I don't understand why you think a person writing an answer on SO and a computer program outputting some permutation of its inputs into your editor are the same thing. The person writing an SO answer is intelligent and capable of conceptual understanding, the computer regurgitating code without regard to its license is not.


>> Have you ever read GitHub's conditions to know whether they also have the right to use your code that way, no matter how you decide to license it? > I have, and there is not.

At least one IP lawyer strongly disagrees, suggesting anything you host on GitHub is fair game [1].
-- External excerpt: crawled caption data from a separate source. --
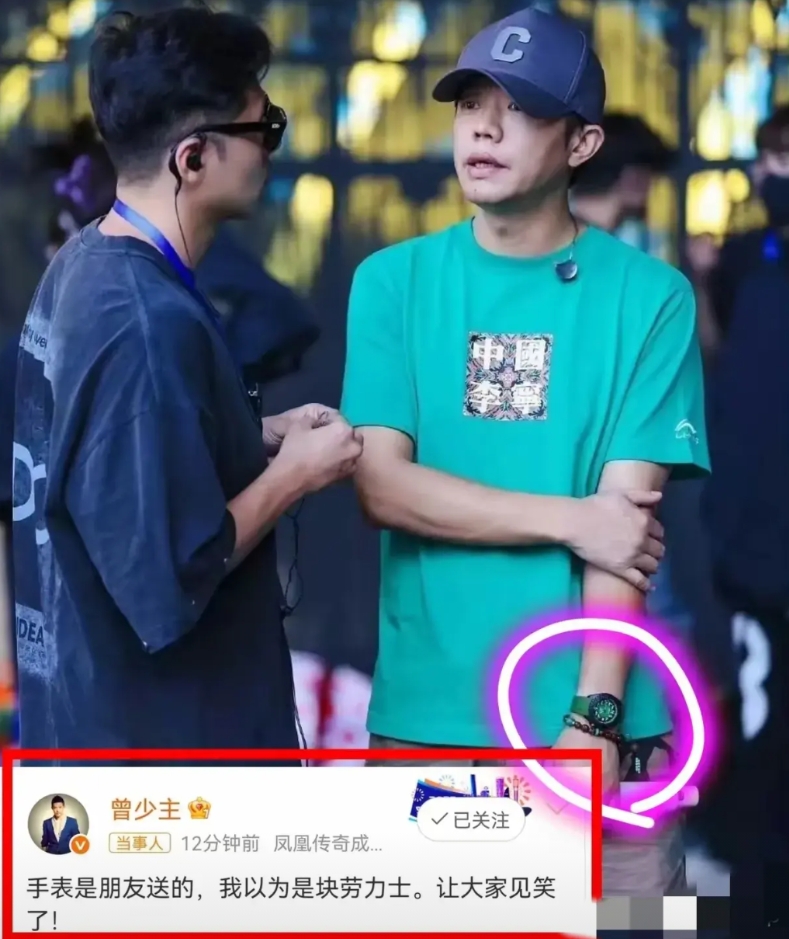 曾毅戴了春宫表，我不惊讶，
曾毅不认识劳力士，我也不惊讶，
我惊讶的反而是他说是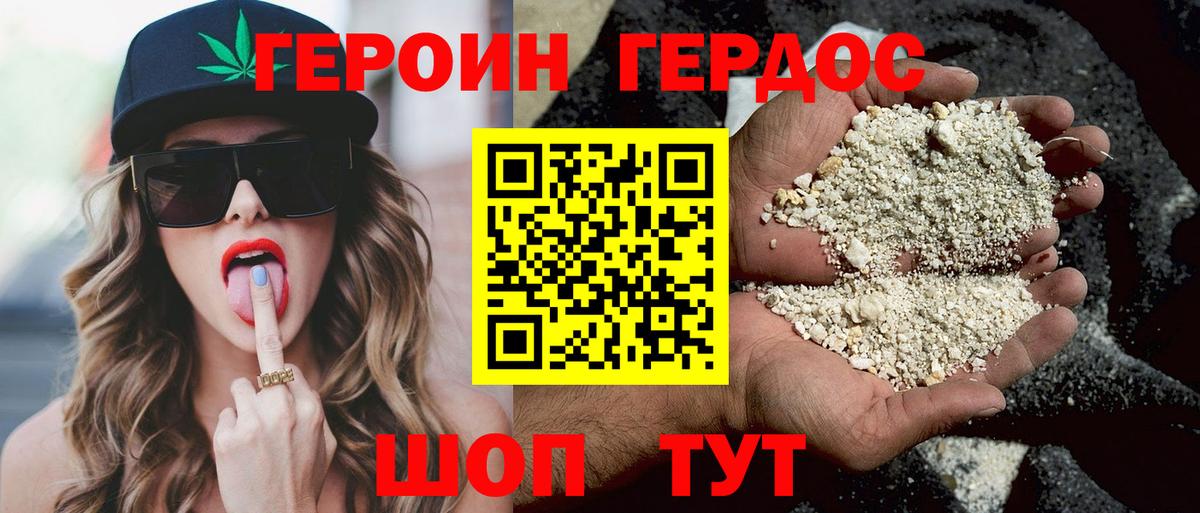 ГЕРОИН  Вход с VPN  Мирный  ГЕРОИН хмурый 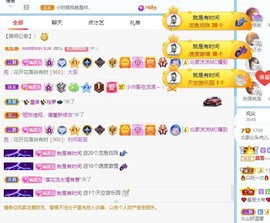 财神爷的小宝贝主播照片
[1] https://fossa.com/blog/analyzing-legal-implications-github-c...

> The person writing an SO answer is intelligent and capable of conceptual understanding, the computer regurgitating code without regard to its license is not.

From a copyright perspective, that is irrelevant. In fact I would think Copilot has more incentives to not infringe than a random SO user, who is very unlikely to be sued. I already argued in another post that in my view, from any perspective, it is also irrelevant whether it's a person or AI doing the same work Copilot does.


> At least one IP lawyer strongly disagrees, suggesting anything you host on GitHub is fair game [1].

The question is whether Copilot's users can use the regurgitated code without following the license terms, not whether Copilot was allowed to train their model on it. I agree it's likely fine for them to train the model, but the use of Copilot would seem to be a legal minefield.

A little thought makes it clear that an affirmative answer would be absurd. This would mean that using a simple tool (let's say `cat`) to make a copy of some code and subsequently ignoring its license terms is infringement, but if the software used to make the copy is more complex (or perhaps if it has the "AI" label stuck to it!) the same actions are not infringement.